### EXERCISE
Take the lines below between the one holding "Anyway, that's it for" and the one holding "This stuff is", inclusive, and copy them exactly. Add nothing.

### RECORD SET
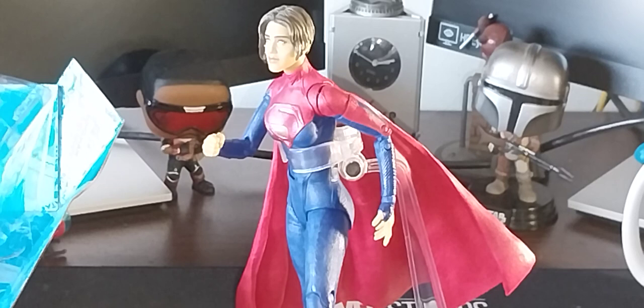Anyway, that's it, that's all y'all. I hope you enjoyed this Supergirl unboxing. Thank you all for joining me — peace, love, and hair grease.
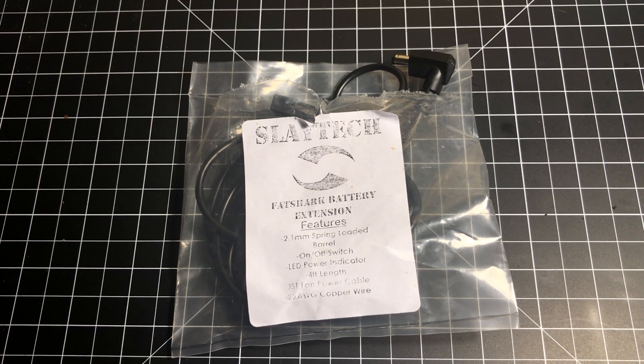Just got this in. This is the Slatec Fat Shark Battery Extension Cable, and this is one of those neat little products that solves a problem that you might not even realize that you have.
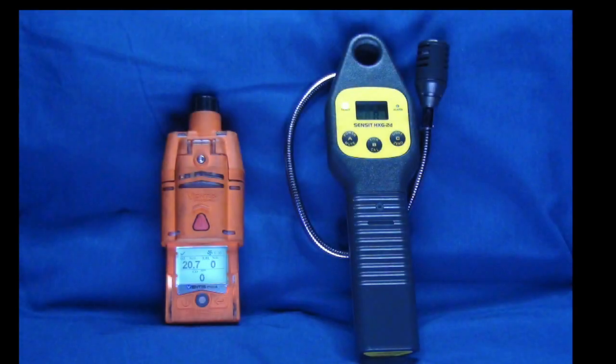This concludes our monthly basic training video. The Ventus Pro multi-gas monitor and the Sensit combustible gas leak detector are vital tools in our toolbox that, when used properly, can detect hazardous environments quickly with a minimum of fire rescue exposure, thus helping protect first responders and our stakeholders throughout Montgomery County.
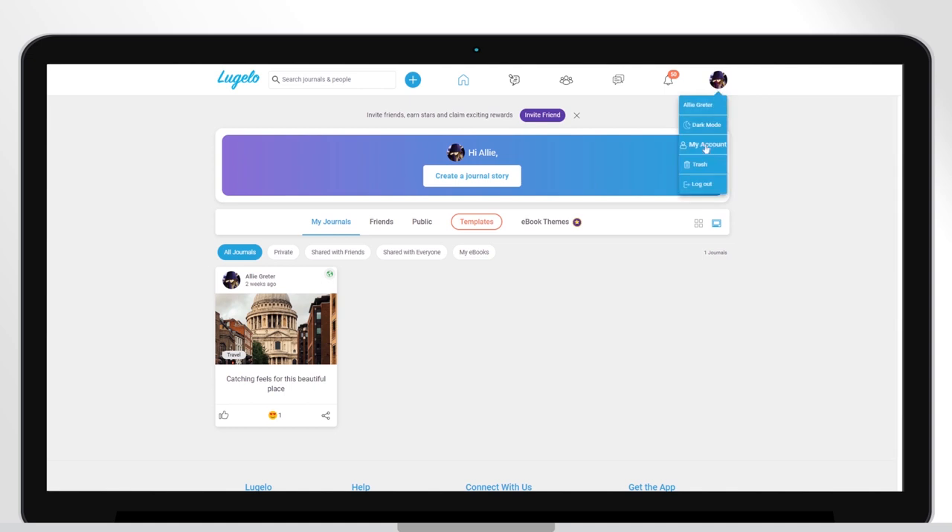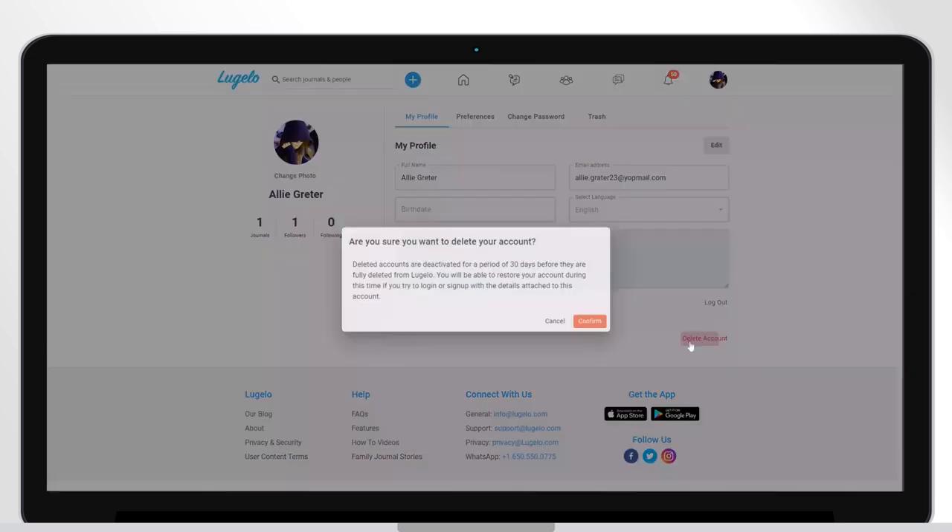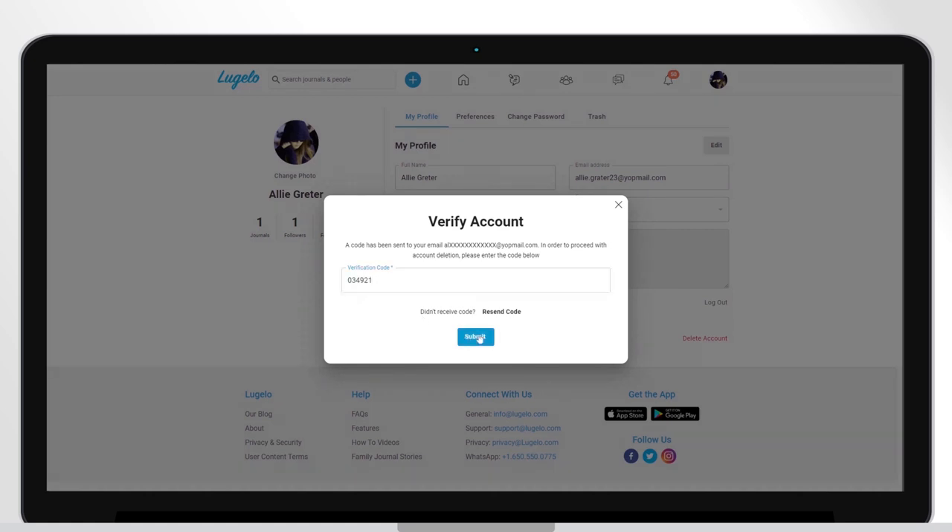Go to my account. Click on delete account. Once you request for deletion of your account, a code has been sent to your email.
--
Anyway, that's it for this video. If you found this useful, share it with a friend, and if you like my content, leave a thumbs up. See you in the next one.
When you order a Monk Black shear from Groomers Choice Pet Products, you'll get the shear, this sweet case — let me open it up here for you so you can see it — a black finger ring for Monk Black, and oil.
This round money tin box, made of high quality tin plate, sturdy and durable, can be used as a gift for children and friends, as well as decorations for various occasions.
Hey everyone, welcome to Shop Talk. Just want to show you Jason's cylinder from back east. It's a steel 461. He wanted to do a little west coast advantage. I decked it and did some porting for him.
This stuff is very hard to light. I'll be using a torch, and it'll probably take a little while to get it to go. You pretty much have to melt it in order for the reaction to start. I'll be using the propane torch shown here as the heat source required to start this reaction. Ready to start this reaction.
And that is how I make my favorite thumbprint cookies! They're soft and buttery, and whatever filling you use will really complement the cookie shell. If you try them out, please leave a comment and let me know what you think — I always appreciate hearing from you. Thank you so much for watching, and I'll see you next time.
==
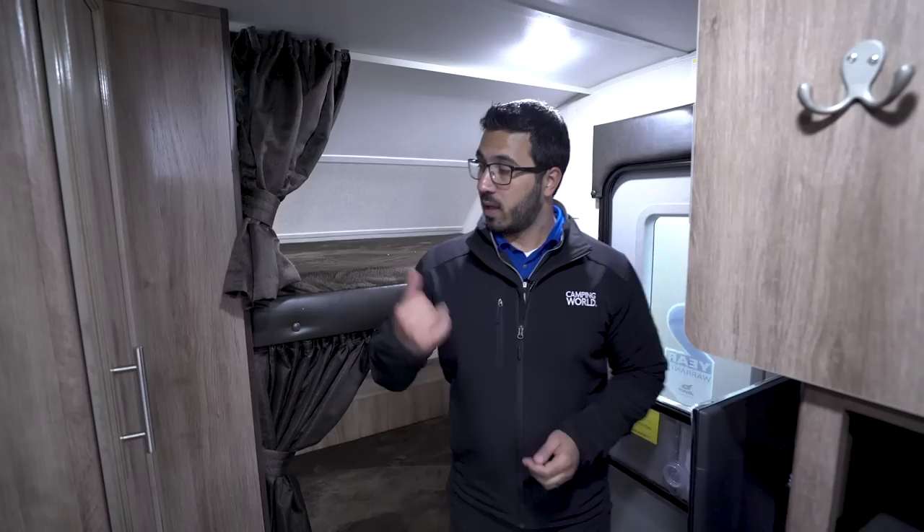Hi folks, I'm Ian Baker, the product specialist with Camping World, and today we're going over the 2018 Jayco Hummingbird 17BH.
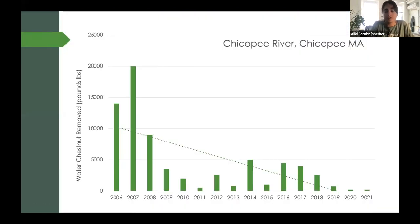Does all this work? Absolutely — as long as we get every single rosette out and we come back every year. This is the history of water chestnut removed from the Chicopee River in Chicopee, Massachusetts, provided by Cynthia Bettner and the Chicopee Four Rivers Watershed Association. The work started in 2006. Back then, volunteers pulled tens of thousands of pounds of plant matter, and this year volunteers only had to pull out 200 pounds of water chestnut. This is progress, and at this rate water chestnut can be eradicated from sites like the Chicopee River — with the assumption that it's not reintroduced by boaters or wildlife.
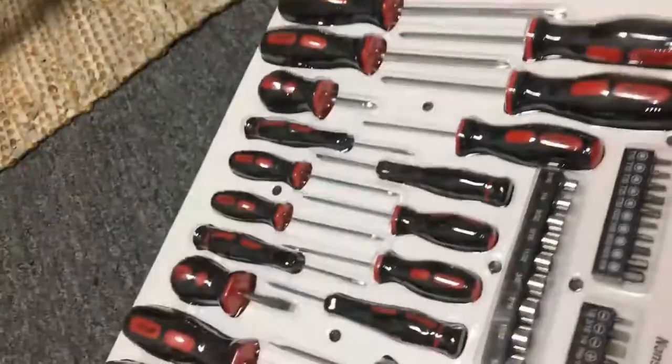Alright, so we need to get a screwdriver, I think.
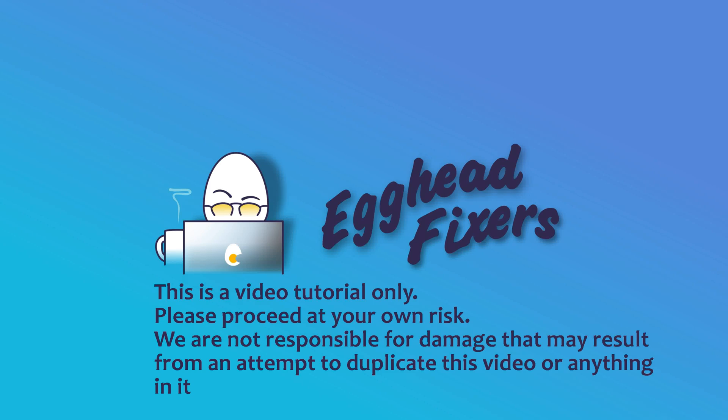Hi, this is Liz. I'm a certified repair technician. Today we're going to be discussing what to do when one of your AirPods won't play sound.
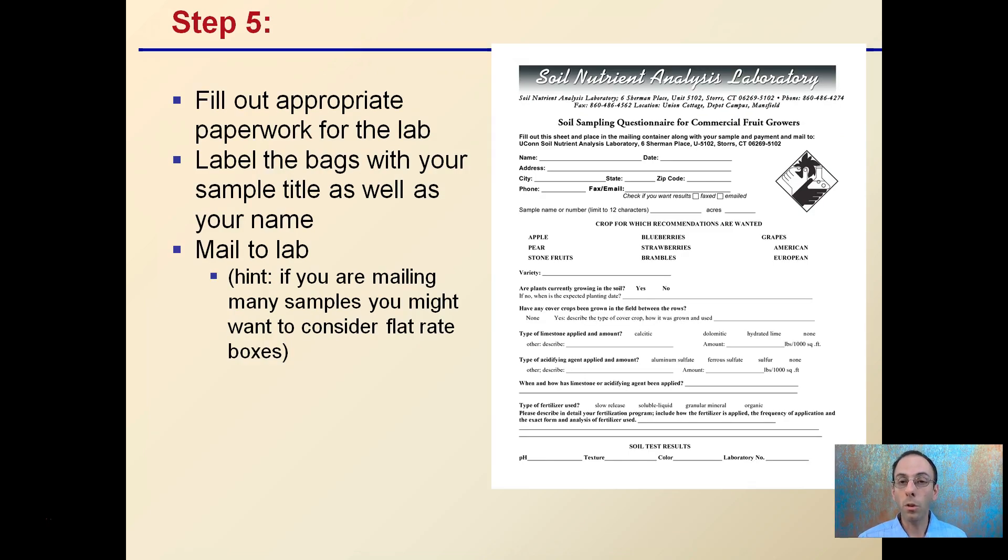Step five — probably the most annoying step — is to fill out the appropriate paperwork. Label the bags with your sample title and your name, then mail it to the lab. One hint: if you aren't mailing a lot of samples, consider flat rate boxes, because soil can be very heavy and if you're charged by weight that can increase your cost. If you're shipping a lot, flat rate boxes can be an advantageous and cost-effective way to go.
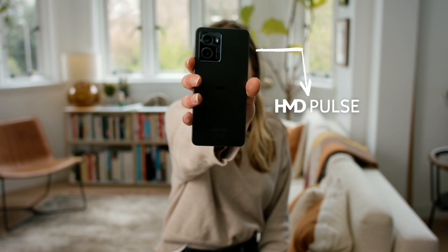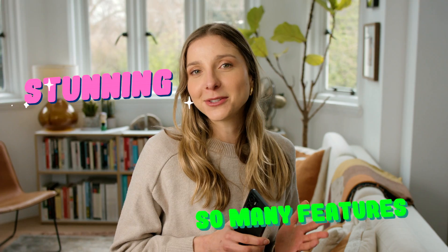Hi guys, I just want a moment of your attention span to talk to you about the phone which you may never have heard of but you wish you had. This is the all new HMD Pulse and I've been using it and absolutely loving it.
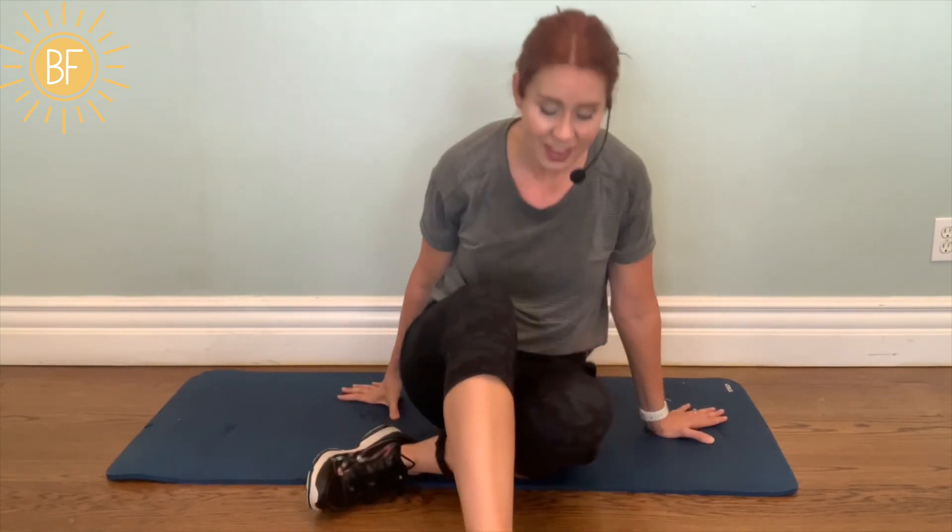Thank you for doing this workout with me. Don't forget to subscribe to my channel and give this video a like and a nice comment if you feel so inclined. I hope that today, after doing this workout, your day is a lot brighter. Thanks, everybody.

### ANSWER SPACE
Anyway, that's it for this video. If you found this useful, share it with a friend, and if you like my content, leave a thumbs up. See you in the next one.
When you order a Monk Black shear from Groomers Choice Pet Products, you'll get the shear, this sweet case — let me open it up here for you so you can see it — a black finger ring for Monk Black, and oil.
This round money tin box, made of high quality tin plate, sturdy and durable, can be used as a gift for children and friends, as well as decorations for various occasions.
Hey everyone, welcome to Shop Talk. Just want to show you Jason's cylinder from back east. It's a steel 461. He wanted to do a little west coast advantage. I decked it and did some porting for him.
This stuff is very hard to light. I'll be using a torch, and it'll probably take a little while to get it to go. You pretty much have to melt it in order for the reaction to start. I'll be using the propane torch shown here as the heat source required to start this reaction. Ready to start this reaction.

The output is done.